Start of Supplied data

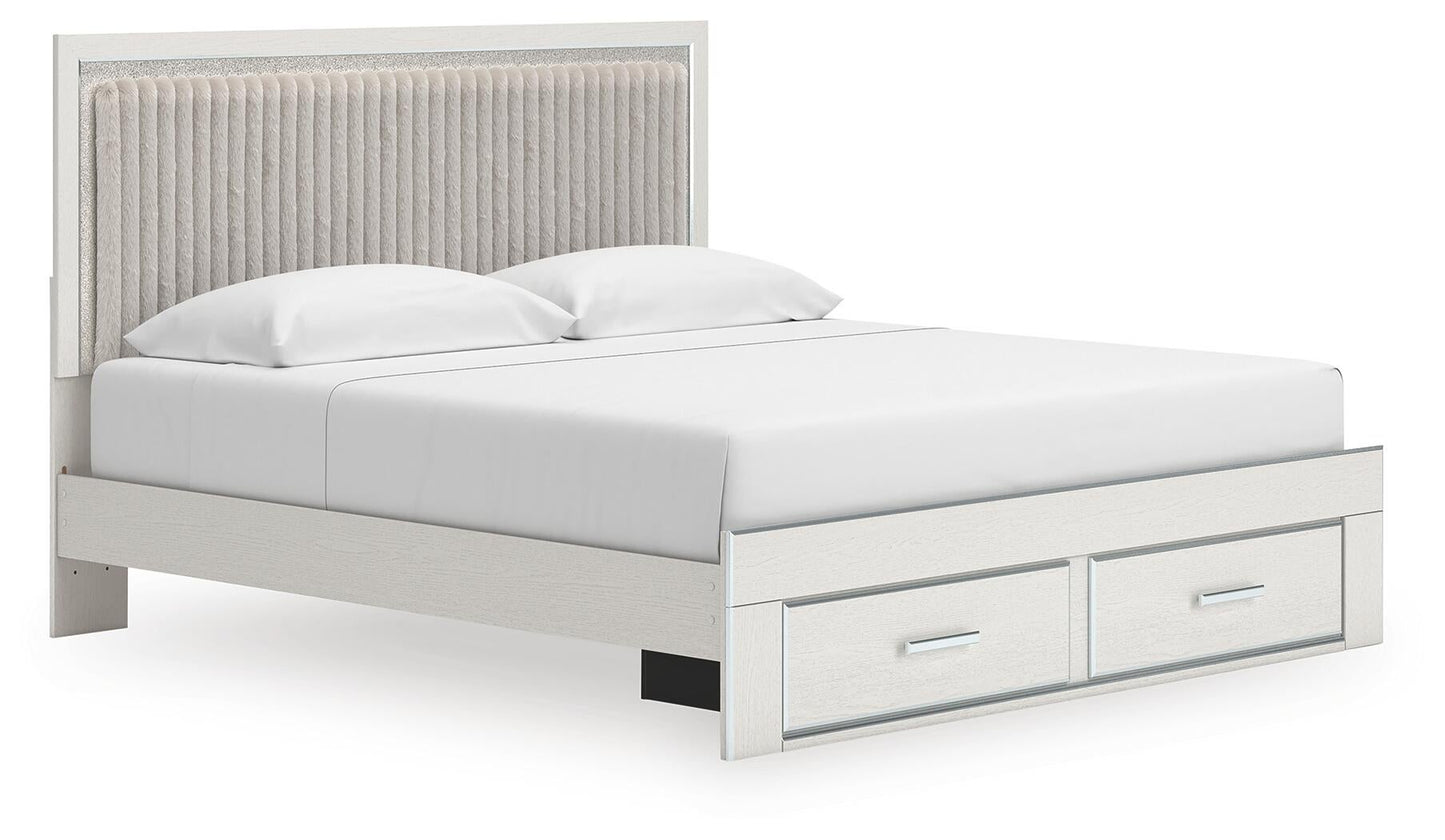 Birmonton  Upholstered Panel Platform Storage Bed, Dresser And Mirror Signature Design by Ashley®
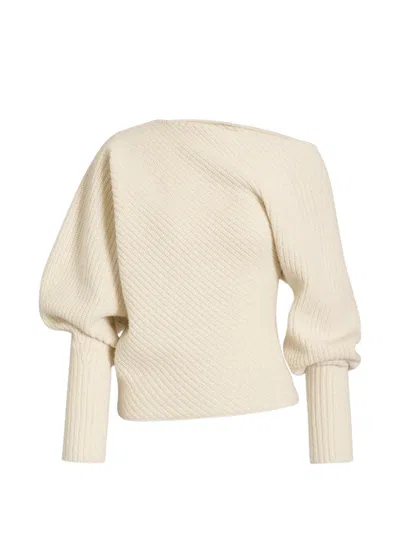 Alberta Ferretti Floral-appliqué Puff-sleeve Sweater In White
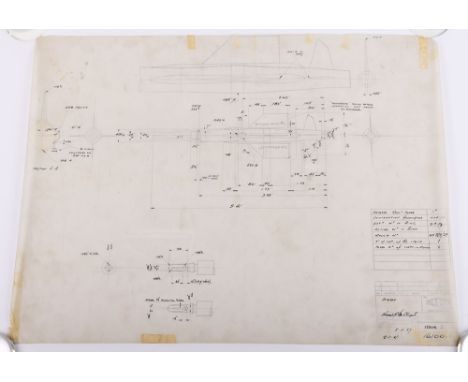 Original Mettoy/Corgi Toys Northampton  350 Thunderbird Guided Missile Factory Drawing, dated 5.11.57 pencil and Ink drawing,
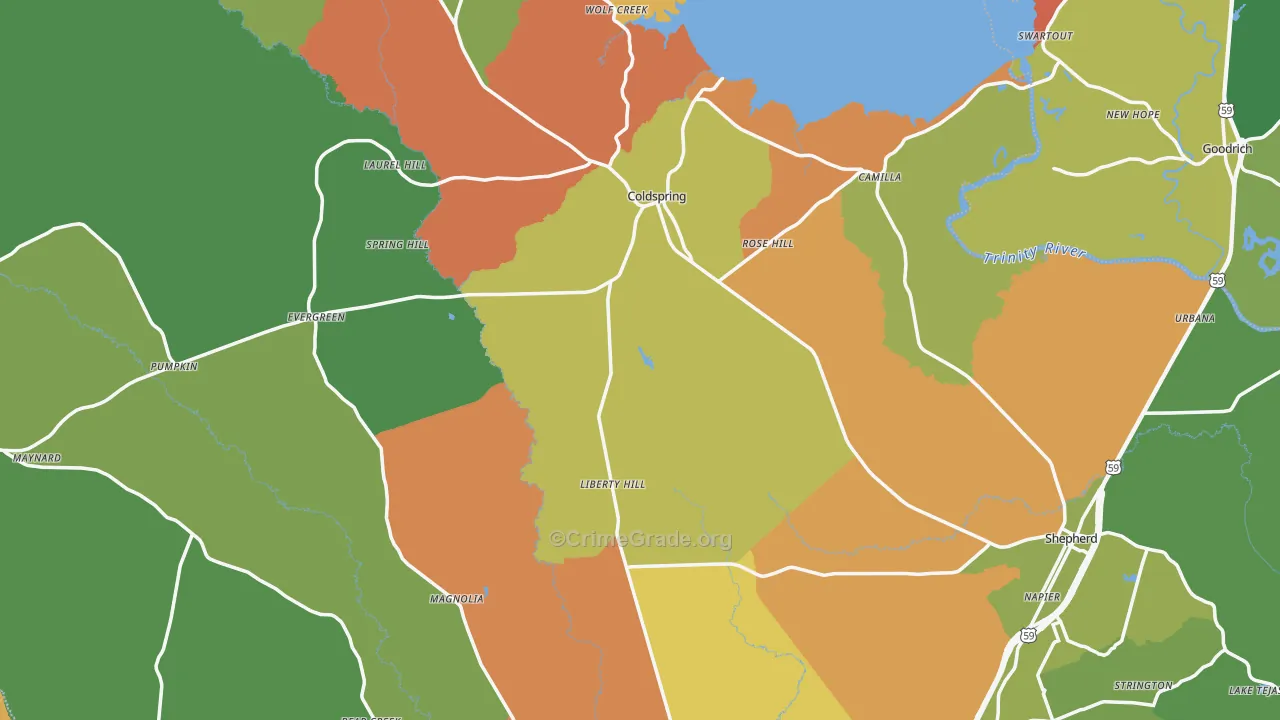 San Jacinto County, TX Map of Robbery Rates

End of Supplied data

• _Exercise directions_: In the reply, each line of the data must appear exactly as written, and no picture may appear.

• _Solution_:
 Birmonton  Upholstered Panel Platform Storage Bed, Dresser And Mirror Signature Design by Ashley®
 Alberta Ferretti Floral-appliqué Puff-sleeve Sweater In White
 Original Mettoy/Corgi Toys Northampton  350 Thunderbird Guided Missile Factory Drawing, dated 5.11.57 pencil and Ink drawing,
 San Jacinto County, TX Map of Robbery Rates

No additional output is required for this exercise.